→ **Listed entries**

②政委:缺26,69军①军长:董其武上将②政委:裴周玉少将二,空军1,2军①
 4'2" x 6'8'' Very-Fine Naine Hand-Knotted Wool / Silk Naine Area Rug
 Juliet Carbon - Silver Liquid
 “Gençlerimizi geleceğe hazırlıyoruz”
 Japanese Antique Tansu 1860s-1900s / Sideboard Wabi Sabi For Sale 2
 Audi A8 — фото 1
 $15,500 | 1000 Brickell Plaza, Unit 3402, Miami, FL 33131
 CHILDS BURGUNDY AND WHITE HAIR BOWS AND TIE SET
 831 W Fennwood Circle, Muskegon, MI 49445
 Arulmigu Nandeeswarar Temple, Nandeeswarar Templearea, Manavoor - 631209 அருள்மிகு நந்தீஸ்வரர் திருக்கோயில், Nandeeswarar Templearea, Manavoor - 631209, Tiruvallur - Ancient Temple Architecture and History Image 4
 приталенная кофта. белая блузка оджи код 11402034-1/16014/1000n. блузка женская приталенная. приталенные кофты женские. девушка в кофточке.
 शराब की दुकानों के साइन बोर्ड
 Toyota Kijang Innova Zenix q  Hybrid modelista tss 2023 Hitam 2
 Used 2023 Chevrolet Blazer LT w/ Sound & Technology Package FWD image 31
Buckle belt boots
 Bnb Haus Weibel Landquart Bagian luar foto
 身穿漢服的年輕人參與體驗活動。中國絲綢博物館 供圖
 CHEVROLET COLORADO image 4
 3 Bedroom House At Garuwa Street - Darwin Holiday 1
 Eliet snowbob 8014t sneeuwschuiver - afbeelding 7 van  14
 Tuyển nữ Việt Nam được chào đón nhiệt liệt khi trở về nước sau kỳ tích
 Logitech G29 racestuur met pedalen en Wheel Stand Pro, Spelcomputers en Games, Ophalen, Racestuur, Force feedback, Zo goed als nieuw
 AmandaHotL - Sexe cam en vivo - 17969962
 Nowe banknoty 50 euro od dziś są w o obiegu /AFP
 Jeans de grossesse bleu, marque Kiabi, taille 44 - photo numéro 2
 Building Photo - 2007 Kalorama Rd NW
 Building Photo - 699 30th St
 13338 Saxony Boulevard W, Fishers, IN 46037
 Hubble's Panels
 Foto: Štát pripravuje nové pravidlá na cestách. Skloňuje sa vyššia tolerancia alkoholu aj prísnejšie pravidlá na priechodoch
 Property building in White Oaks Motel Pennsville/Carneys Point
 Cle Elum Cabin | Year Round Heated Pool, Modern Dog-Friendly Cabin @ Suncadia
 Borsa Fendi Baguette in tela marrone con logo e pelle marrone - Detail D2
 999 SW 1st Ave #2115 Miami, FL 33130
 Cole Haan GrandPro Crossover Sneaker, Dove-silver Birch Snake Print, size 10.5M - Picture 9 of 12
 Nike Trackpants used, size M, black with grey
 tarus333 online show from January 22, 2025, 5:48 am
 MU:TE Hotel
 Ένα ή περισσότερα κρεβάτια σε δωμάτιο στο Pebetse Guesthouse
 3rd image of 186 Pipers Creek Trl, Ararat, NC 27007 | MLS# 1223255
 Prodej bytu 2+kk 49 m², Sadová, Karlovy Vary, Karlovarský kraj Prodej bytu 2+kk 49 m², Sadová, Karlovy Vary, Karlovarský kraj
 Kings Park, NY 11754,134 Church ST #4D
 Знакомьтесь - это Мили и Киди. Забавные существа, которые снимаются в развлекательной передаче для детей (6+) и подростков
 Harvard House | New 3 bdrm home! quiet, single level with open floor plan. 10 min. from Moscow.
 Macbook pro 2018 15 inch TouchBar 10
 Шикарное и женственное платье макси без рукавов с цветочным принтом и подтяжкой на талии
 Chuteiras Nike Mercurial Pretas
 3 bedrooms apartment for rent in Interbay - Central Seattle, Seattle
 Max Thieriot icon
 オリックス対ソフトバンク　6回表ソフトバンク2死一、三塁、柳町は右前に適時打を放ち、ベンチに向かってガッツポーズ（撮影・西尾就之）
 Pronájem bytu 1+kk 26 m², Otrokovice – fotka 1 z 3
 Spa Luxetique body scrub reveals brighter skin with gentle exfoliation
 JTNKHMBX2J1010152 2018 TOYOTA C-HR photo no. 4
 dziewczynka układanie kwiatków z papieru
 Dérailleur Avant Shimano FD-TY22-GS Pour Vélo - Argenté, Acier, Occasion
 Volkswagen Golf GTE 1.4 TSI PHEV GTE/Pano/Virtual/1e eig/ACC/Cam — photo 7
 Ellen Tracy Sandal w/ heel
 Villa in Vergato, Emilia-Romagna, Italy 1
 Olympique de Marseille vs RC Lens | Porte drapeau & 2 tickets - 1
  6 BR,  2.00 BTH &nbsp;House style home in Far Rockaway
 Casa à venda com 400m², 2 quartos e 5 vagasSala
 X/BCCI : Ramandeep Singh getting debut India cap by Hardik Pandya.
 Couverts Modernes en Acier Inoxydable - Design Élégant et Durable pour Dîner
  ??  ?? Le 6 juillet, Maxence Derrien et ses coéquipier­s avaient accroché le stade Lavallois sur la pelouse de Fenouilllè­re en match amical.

→ **Task**
Reproduce, exactly as they stand in the data above, the lines from the one that holds "13338 Saxony Boulevard W, Fishers, IN 46037" to the one that holds "999 SW 1st Ave #2115 Miami, FL 33130", inclusive.

→ **Result of the task**
 13338 Saxony Boulevard W, Fishers, IN 46037
 Hubble's Panels
 Foto: Štát pripravuje nové pravidlá na cestách. Skloňuje sa vyššia tolerancia alkoholu aj prísnejšie pravidlá na priechodoch
 Property building in White Oaks Motel Pennsville/Carneys Point
 Cle Elum Cabin | Year Round Heated Pool, Modern Dog-Friendly Cabin @ Suncadia
 Borsa Fendi Baguette in tela marrone con logo e pelle marrone - Detail D2
 999 SW 1st Ave #2115 Miami, FL 33130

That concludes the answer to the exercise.